Expected JSON response (HTTP 200):

{
  "message": "Hello, World!",
  "status": "success"
}

2) Health

Curl:

curl -sS http://localhost:5000/api/health

Expected JSON response (HTTP 200):

{
  "status": "ok"
}

3) Forex daily — missing or invalid parameters

  • Missing parameters (HTTP 400):
curl -sS http://localhost:5000/api/forex/daily

Response body:

{ "error": "Missing one or more required parameters: day, month, year" }
  • Invalid (non-integer) parameters (HTTP 400):
curl -sS "http://localhost:5000/api/forex/daily?day=aa&month=bb&year=cc"

Response body:

{ "error": "Parameters day, month and year must be integers" }
  • Out-of-range parameters (HTTP 400):
curl -sS "http://localhost:5000/api/forex/daily?day=99&month=99&year=3000"

Response body:

{ "error": "Parameters out of reasonable range" }

4) Forex daily — success

Curl (example):

curl -sS "http://localhost:5000/api/forex/daily?day=1&month=1&year=2020"

Expected JSON response (HTTP 200): a pagination wrapper containing metadata and a list of records. Example response format:

{
  "total": 1,
  "offset": 0,
  "limit": null,
  "results": [
    {
      "Time": "01/01/2020 00:00",
      "Currency": "USD",
      "Event": "NFP",
      "Forecast": "100k",
      "Actual": "120k",
      "Previous": "90k"
    }
  ]
}

Note: The total, offset, and limit fields in the response wrapper provide pagination metadata. The results field contains the list of records.

Python requests example:

import requests

resp = requests.get(
    'http://localhost:5000/api/forex/daily',
    params={'day': 1, 'month': 1, 'year': 2020},
)
print(resp.status_code)
print(resp.json())

5) Forex daily — paging (limit & offset)

This project added optional paging support to the /api/forex/daily endpoint via two query parameters: limit and offset.

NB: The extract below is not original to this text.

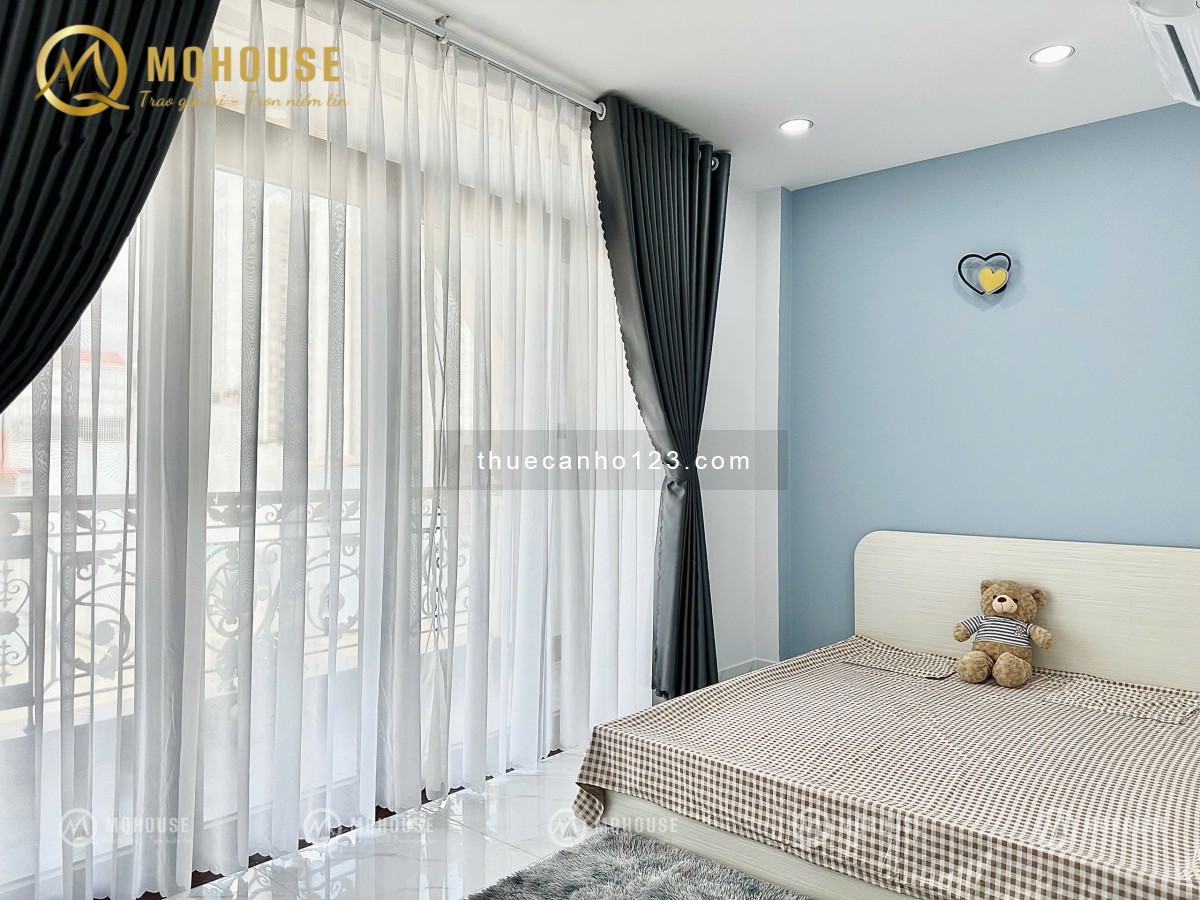 Căn hộ ban công full nội thất mới Tân Phú - Giáp Tân Bình, Q10, Q11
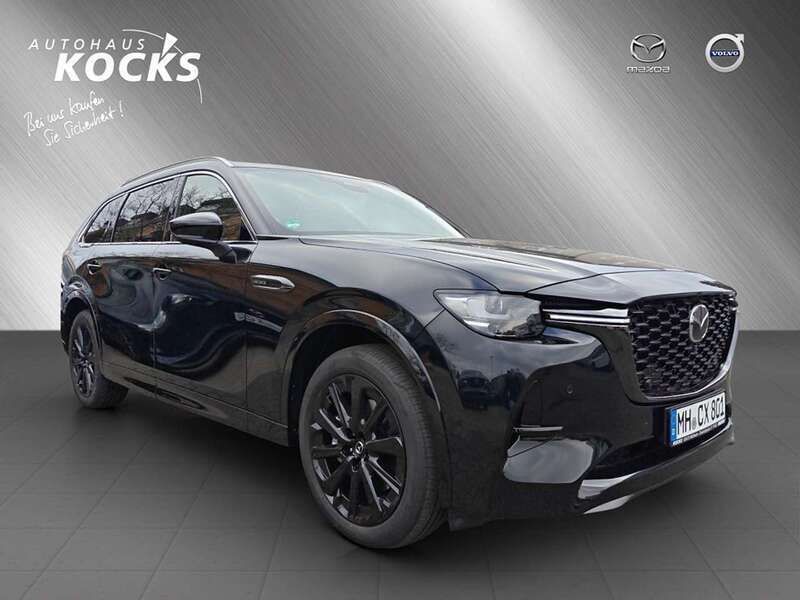 Jet black Gebraucht 2025 Mazda CX-80 Homura-Line SUV | 58.800 € (Fairer Preis) - Bild 1/4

  • offset (optional): integer >= 0, default 0. Skip this many records from the start.
  • limit (optional): integer >= 0, default is unlimited. Return at most this many records after applying the offset.

Behavior and validation:

  • Both limit and offset must be integers. Non-integer values return HTTP 400.
  • Negative values return HTTP 400.
  • If offset is greater than or equal to the number of available records, the endpoint returns an empty list and HTTP 200.
  • limit=0 returns an empty list (valid request).
  • If the scraper returns a non-list structure, paging is not applied and the raw response is returned.

Examples:

  • First 10 records:
curl -sS "http://localhost:5000/api/forex/daily?day=1&month=1&year=2020&limit=10"
  • Start from the 5th record and return up to 3 records:
curl -sS "http://localhost:5000/api/forex/daily?day=1&month=1&year=2020&offset=4&limit=3"
  • Non-integer or negative paging params (example, HTTP 400):
curl -sS "http://localhost:5000/api/forex/daily?day=1&month=1&year=2020&limit=abc"
curl -sS "http://localhost:5000/api/forex/daily?day=1&month=1&year=2020&offset=-1"

6) Cryptocraft daily — examples

The project also exposes a Cryptocraft-specific scraping endpoint that follows the same parameter and paging semantics as the Forex endpoint.

  • Missing parameters (HTTP 400):
curl -sS http://localhost:5000/api/cryptocraft/daily

Response body:

{ "error": "Missing one or more required parameters: day, month, year" }
  • Invalid (non-integer) parameters (HTTP 400):
curl -sS "http://localhost:5000/api/cryptocraft/daily?day=aa&month=bb&year=cc"

Response body:

{ "error": "Parameters day, month and year must be integers" }
  • Success (pagination wrapper):

Curl example:

curl -sS "http://localhost:5000/api/cryptocraft/daily?day=1&month=1&year=2020"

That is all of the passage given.